# Where is winter



## GuitarsCanada (Dec 30, 2005)

Well so far, at least here in the Niagara Region, we have yet to see any winter. Had one dusting back in November sometime. I am not complaining. There are some advantages I suppose. Heating bills have been way down, no snow removal etc. But I was reading a big article in the Toronto Star last week on the whole global warming thing. If some of these experts are right, it would seem in 50 years or so the world could be a much different place than we know it today.

I know for me, when we were kids we always had a rink in the backyard, usually it would last throughout the winter too. I don't think I have seen an outdoor rink in years around here. The temp just wont sustain it.


----------



## Gilliangirl (Feb 26, 2006)

I saw a thing on the news the other night that said the mild winter (which is across Canada, except for lower mainland BC) is due to El Nino and not necessarily global warming. Apparently we've had record high temperatures similar to this back in the 1920's. Hard to know what to believe. I don't want to see our planet destroyed because of global warming, but is that really what this is? I have to admit that it's hard to hate these mild temps. I hate snow and always said that someday I'd move to Margaritaville. Maybe that means staying right where I am!


----------



## GuitarsCanada (Dec 30, 2005)

Yes, I would agree. I am no scientist and you never know which side of the debate to go with. One thing for sure. When I was a kid we never covered ourselves with sunbloc like we have to today.

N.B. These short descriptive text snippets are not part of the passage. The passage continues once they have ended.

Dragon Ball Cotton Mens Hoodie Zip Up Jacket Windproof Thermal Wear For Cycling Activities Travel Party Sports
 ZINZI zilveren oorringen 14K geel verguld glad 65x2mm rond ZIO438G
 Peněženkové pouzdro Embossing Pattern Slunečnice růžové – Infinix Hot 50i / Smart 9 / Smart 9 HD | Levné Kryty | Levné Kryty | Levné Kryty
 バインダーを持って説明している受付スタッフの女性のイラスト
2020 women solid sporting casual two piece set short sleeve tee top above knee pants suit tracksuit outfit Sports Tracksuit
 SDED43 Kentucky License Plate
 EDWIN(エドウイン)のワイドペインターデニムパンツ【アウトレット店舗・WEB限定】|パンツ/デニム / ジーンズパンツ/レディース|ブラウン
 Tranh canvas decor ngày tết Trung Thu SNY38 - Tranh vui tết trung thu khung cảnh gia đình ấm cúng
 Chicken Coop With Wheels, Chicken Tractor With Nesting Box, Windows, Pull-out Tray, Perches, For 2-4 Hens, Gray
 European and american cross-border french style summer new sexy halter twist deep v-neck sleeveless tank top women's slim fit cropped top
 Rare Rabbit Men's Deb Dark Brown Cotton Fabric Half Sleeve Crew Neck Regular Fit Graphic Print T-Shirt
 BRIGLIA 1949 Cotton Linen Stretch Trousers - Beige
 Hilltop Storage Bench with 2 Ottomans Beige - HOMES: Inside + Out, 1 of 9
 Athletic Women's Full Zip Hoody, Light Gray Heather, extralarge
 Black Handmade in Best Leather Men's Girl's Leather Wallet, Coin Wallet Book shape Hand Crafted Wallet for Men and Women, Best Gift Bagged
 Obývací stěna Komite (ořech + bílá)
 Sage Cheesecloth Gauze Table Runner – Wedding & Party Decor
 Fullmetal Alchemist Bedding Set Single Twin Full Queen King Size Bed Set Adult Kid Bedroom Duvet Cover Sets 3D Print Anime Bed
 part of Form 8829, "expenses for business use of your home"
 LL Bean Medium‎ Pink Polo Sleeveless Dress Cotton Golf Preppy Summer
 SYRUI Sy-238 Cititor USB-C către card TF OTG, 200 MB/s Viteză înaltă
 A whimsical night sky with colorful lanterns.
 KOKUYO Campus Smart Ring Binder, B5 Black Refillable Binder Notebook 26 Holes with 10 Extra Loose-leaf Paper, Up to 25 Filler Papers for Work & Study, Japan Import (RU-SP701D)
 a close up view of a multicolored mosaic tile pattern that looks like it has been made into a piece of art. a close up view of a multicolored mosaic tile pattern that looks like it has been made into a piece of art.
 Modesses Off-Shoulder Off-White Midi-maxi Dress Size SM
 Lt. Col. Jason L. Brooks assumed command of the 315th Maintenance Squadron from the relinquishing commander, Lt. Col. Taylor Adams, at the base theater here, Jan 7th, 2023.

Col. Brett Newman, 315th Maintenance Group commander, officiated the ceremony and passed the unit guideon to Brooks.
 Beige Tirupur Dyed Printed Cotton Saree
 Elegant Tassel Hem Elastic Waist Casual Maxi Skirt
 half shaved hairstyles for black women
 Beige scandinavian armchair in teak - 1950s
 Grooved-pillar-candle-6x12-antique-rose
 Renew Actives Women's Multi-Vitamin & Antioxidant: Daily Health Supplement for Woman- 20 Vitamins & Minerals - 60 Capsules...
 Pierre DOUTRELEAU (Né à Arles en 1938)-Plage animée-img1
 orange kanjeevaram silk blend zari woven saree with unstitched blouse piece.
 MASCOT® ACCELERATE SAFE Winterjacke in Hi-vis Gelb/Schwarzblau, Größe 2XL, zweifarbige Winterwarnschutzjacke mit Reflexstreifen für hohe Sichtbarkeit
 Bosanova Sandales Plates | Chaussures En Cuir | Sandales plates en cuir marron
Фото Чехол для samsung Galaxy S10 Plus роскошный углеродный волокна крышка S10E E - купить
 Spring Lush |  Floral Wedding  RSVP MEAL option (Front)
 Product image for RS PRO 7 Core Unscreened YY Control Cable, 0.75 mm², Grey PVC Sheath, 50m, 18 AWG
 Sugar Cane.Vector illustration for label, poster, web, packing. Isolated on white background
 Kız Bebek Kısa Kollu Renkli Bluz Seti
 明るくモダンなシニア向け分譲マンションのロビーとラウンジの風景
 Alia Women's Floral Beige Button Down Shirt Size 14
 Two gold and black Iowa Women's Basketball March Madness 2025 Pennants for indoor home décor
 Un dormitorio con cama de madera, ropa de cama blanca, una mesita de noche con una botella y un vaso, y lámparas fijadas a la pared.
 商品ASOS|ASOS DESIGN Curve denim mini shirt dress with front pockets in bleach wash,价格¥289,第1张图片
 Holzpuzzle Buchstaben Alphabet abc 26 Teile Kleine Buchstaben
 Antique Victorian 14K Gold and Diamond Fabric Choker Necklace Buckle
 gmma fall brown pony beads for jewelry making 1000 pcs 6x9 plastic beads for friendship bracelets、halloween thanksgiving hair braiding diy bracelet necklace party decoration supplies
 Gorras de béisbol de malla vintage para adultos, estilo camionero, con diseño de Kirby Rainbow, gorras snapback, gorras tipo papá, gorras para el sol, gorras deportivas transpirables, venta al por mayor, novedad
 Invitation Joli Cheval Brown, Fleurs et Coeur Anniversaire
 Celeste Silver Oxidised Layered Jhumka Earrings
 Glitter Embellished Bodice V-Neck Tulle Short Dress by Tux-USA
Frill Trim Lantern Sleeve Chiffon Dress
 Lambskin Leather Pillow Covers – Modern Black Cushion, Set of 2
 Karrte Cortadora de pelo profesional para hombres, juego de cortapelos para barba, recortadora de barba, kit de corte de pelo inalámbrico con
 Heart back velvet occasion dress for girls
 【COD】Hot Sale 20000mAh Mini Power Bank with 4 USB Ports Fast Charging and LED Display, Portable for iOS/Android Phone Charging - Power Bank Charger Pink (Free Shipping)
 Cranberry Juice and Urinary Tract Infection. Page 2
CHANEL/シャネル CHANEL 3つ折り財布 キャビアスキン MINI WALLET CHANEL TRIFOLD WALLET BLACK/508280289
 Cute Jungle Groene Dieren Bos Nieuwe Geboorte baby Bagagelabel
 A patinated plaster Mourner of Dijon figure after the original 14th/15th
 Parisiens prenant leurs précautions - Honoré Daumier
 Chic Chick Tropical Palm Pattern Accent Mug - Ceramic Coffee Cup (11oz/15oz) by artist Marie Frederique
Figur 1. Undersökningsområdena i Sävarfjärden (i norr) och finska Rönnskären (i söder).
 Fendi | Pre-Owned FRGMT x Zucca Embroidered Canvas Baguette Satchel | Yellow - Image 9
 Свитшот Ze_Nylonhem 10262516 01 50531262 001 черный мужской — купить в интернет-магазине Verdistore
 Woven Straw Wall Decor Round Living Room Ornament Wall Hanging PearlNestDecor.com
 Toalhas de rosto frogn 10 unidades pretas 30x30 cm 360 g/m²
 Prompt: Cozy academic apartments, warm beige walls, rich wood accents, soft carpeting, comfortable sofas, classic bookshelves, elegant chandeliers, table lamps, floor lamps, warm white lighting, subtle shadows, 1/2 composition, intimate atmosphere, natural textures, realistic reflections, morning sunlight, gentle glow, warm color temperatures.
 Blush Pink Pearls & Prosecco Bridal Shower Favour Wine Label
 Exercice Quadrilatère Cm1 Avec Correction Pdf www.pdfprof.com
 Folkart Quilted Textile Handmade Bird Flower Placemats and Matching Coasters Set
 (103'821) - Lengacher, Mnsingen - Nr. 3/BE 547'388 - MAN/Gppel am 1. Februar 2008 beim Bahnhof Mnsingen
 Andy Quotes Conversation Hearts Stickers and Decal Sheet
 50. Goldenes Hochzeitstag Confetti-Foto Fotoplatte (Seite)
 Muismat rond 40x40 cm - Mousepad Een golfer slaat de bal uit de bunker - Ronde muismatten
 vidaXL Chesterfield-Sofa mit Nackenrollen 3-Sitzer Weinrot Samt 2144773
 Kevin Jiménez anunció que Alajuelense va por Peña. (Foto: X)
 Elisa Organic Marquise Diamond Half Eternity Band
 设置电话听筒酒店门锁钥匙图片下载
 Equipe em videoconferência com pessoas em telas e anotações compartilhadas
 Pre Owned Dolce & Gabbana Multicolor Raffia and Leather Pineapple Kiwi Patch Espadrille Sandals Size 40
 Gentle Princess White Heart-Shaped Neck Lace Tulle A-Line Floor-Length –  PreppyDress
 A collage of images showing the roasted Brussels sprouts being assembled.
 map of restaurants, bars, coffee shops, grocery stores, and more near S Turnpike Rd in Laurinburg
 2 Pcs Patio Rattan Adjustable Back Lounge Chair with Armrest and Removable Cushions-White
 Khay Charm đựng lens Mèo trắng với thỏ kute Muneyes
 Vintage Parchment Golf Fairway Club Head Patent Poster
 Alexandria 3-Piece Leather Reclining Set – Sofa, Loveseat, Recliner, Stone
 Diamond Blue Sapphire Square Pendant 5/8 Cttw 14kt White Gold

So the intesity of the sun, or the damaging rays are certainly stronger then they were 25 years ago.


----------



## Xanadu (Feb 3, 2006)

i want to go snowbaording.


----------



## 2005fz1 (Oct 9, 2006)

Winter sucks . 











FZ1


----------



## Accept2 (Jan 1, 2006)

Its all part of being on a wobbly rock hurtling through space, and always twirling. If someone said the temperature was an exact constant I would say BS without any evidence needed. The temperatures have always fluctuated. Its a factor of many, many things, and those things have a much greater effect than green house gases. Just dont tell any global warming wackos, they'll go apeshit that you dont believe the sky is falling and were all going to die...................


----------



## BHarris (Feb 11, 2006)

I did some checking,, and it appears that Winter is vacationing in Colorada this month....


----------



## Guest (Jan 7, 2007)

"you never know which side of the debate to go with"
There's no debate... The scientific community has reached consensus (As much as they ever can... there are always some crack-pots who refuse to really examine evidence.. for a good example of those, look up the few people who try to say we never landed on the moon) The human race has messed up this planet something awful, and we only keep doing it, and things are only going to get worse unless we do something to turn it around and quick.


----------



## Accept2 (Jan 1, 2006)

Youre right, we did mess it up. We totally turned Egypt into a desert, and we turned the north pole from a rich forest into a frozen wasteland. We did it because nothing is greater than the human race. No other factors but us are responsible...............


----------



## GuitarsCanada (Dec 30, 2005)

Accept2 said:


> Its all part of being on a wobbly rock hurtling through space, and always twirling. If someone said the temperature was an exact constant I would say BS without any evidence needed. The temperatures have always fluctuated. Its a factor of many, many things, and those things have a much greater effect than green house gases. Just dont tell any global warming wackos, they'll go apeshit that you dont believe the sky is falling and were all going to die...................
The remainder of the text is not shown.